Exercise directions: Please reproduce the records exactly, leaving out any pictures.
===== Material provided
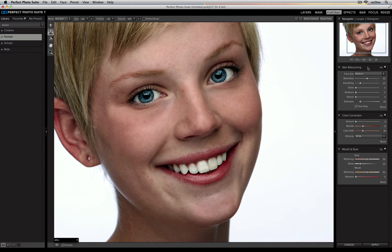When you load an image into Perfect Portrait, it will automatically change the blemishes, smoothing, and evenness sliders. You can still go back in and change each one of them if you'd like to. I'm going to raise my Blemishes slider up quite a bit to make sure it removes as much as possible.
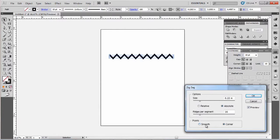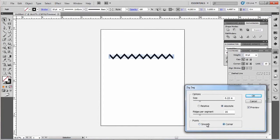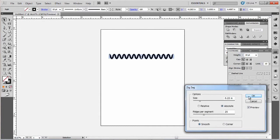You can make it smooth which will give you more of a different look or corner and keep on playing with that until you get the effect that you're looking for.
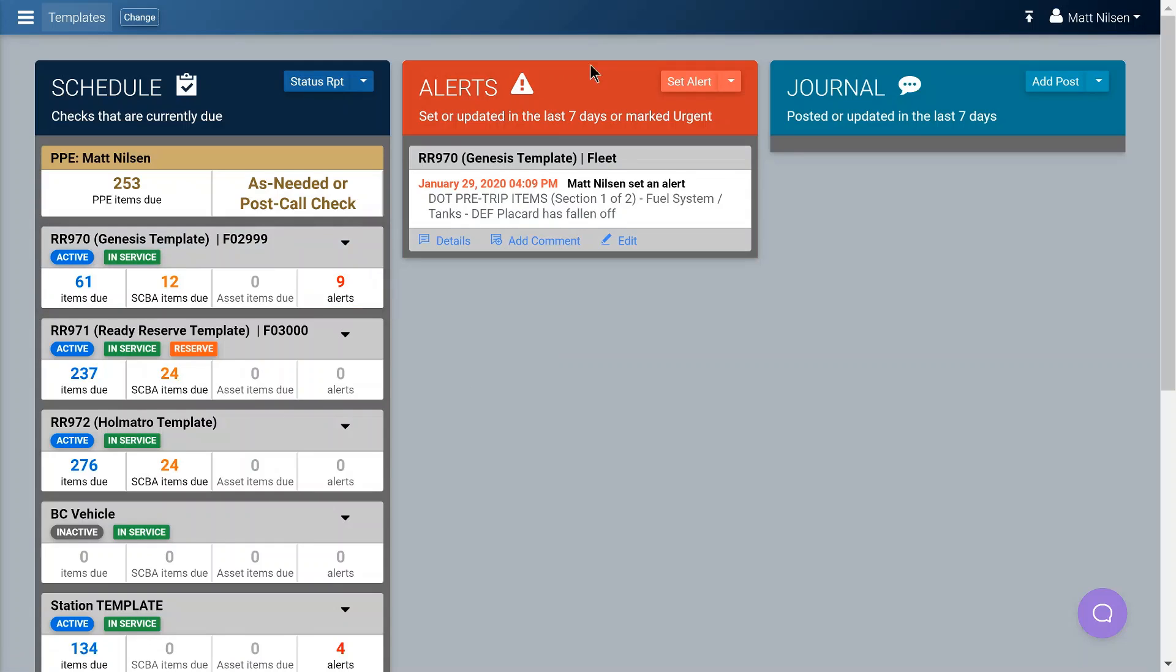Over here you're going to see the alerts column. You don't see nine because this is only going to show you those that have been recorded in the last seven days or those that are urgent. This concludes a quick introduction to Public Safety Tracks. Look for further videos that will go into each of these sections in more detail, and again, use the Frequently Asked Questions or the email address if you have any questions after viewing those videos on the processes.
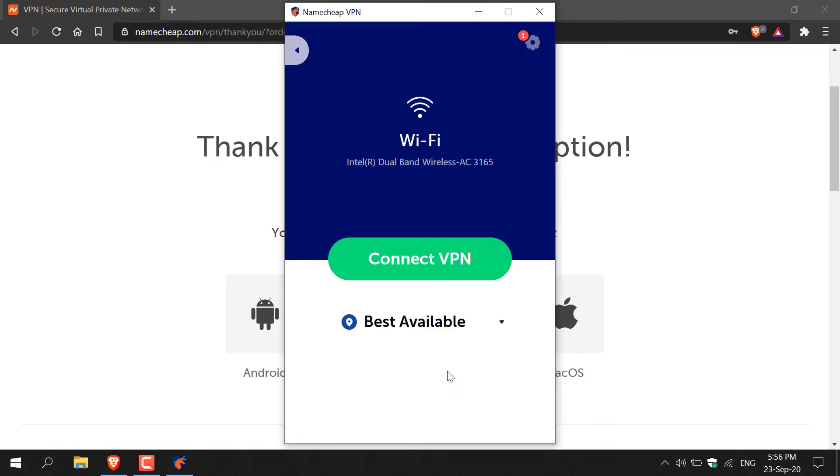Once you've done that you'll be greeted with the Namecheap VPN user interface. By default you'll be given the best available VPN for you and a big green button here that you can straightaway connect to to begin browsing the internet privately. For the sake of this video I'm not going to connect with the best available VPN for me, I'm going to choose my own VPN connection.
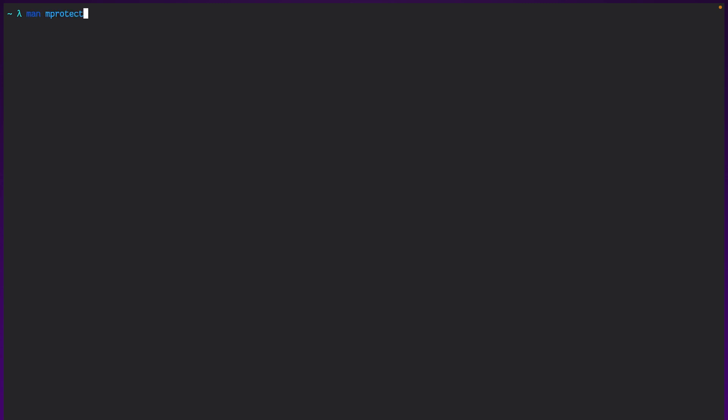On macOS, there's a function called memprotect or mprotect, and it basically handles everything we need it to. So it lets us take a page of memory and change its access permissions.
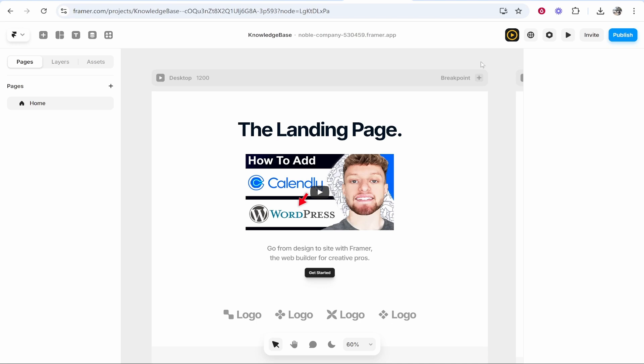In this video I'm going to show you how you can add a video to your Framer website. Now when doing this you've got a couple of options: do you want to embed the video, do you want to upload it straight to your website? They have some pros and cons. I'm going to walk you through these and hopefully you can make a decision by the end of the video. So I'm going to delete this current video that I've got and we're going to add one together.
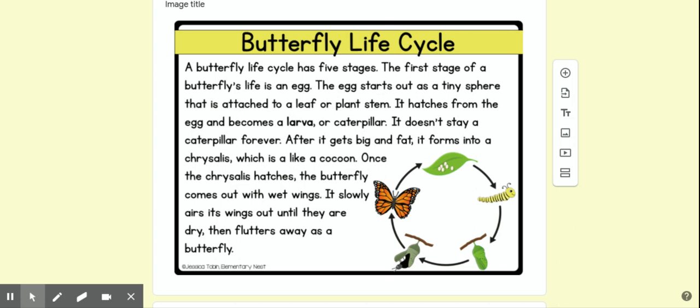It hatches from the egg and becomes a larva or caterpillar. It doesn't stay a caterpillar forever. After it gets big and fat, it forms into a chrysalis, which is like a cocoon. Once the chrysalis hatches,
==========
Problem solution:
When you load an image into Perfect Portrait, it will automatically change the blemishes, smoothing, and evenness sliders. You can still go back in and change each one of them if you'd like to. I'm going to raise my Blemishes slider up quite a bit to make sure it removes as much as possible.
You can make it smooth which will give you more of a different look or corner and keep on playing with that until you get the effect that you're looking for.
Over here you're going to see the alerts column. You don't see nine because this is only going to show you those that have been recorded in the last seven days or those that are urgent. This concludes a quick introduction to Public Safety Tracks. Look for further videos that will go into each of these sections in more detail, and again, use the Frequently Asked Questions or the email address if you have any questions after viewing those videos on the processes.
Once you've done that you'll be greeted with the Namecheap VPN user interface. By default you'll be given the best available VPN for you and a big green button here that you can straightaway connect to to begin browsing the internet privately. For the sake of this video I'm not going to connect with the best available VPN for me, I'm going to choose my own VPN connection.
On macOS, there's a function called memprotect or mprotect, and it basically handles everything we need it to. So it lets us take a page of memory and change its access permissions.
In this video I'm going to show you how you can add a video to your Framer website. Now when doing this you've got a couple of options: do you want to embed the video, do you want to upload it straight to your website? They have some pros and cons. I'm going to walk you through these and hopefully you can make a decision by the end of the video. So I'm going to delete this current video that I've got and we're going to add one together.
It hatches from the egg and becomes a larva or caterpillar. It doesn't stay a caterpillar forever. After it gets big and fat, it forms into a chrysalis, which is like a cocoon. Once the chrysalis hatches,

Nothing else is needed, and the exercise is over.